Madres jugó un papel insustituible, sobre todo en los 80 y comienzos de los 90, como puente entre generaciones y entre luchas diversas y atomizadas. Nunca pidieron nada para ellas; sólo exigieron que cada uno luchara por lo suyo hasta las últimas consecuencias. Ellas estaban ahí, como puente-arcoiris (como dice Marcos de los zapatistas), concientes de que el ejemplo hace escuela. Vale la pena preguntarse: ¿quién está jugando hoy ese papel en la Argentina?
Quienes desde la lucha consecuente reclaman solidaridad, también pueden reflexionar acerca de un problema que nos atraviesa a todos: la tentación de buscar atajos cuando la lucha encuentra límites, cuando no es posible avanzar y se cosechan sólo derrotas.
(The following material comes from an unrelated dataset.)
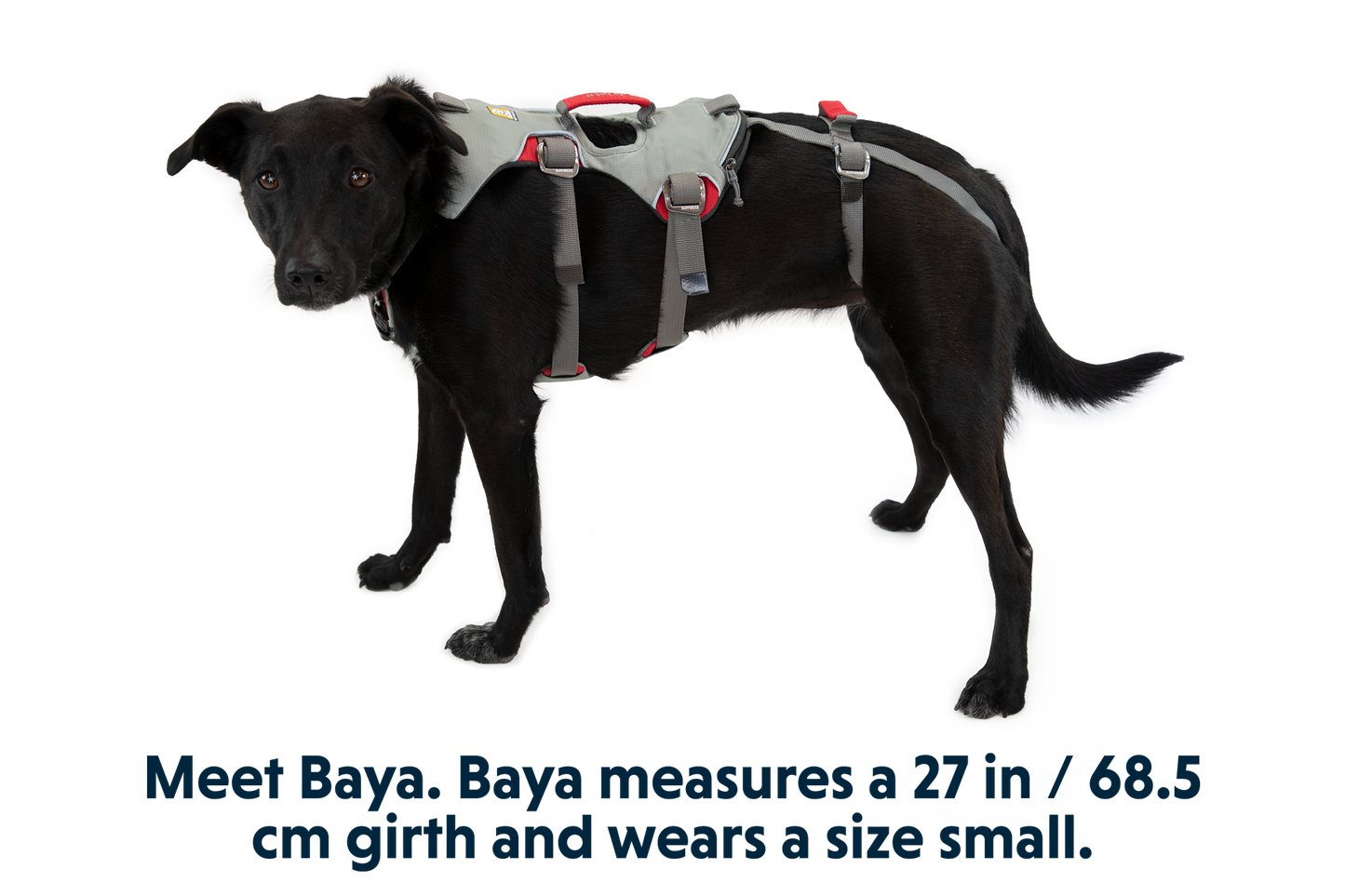 Doubleback™ Full Body Dog Harness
Hay quienes buscan el atajo en el Estado o en los partidos, y eso es lo más habitual. Algunos buscan fuerza adicional en otros movimientos de los de abajo, y son así los más consecuentes. Pero nada externo a los sujetos puede ayudarnos a resolver problemas que, a veces, no tienen solución. Sobre todo cuando la relación de fuerzas es tan desfavorable como suele serlo fuera de las coyunturas en las que los pueblos se ponen de pie.
Finalmente, ser consecuentemente solidarios puede ser un primer paso hacia relaciones fraternas, hacia el hermanamiento en cada movimiento y, en consecuencia, con otros movimientos por más lejanos que estén, por más diferentes que sean sus demandas, sus culturas, sus modos de hacer. Entonces, encontrarnos como hermanos supondrá darnos todo, sin pedirnos nada. Hermanarnos (el otro soy yo) disuelve las distancias, y aún las diferencias, ya que supone relacionarnos por fuera de la lógica del mercado, del capital o de los partidos. E instala otra lógica, más cercana a la conocida frase del Che que decía que debemos ser capaces de sentir como propias las injusticias que sufren otros. Como nos enseñaron las Madres.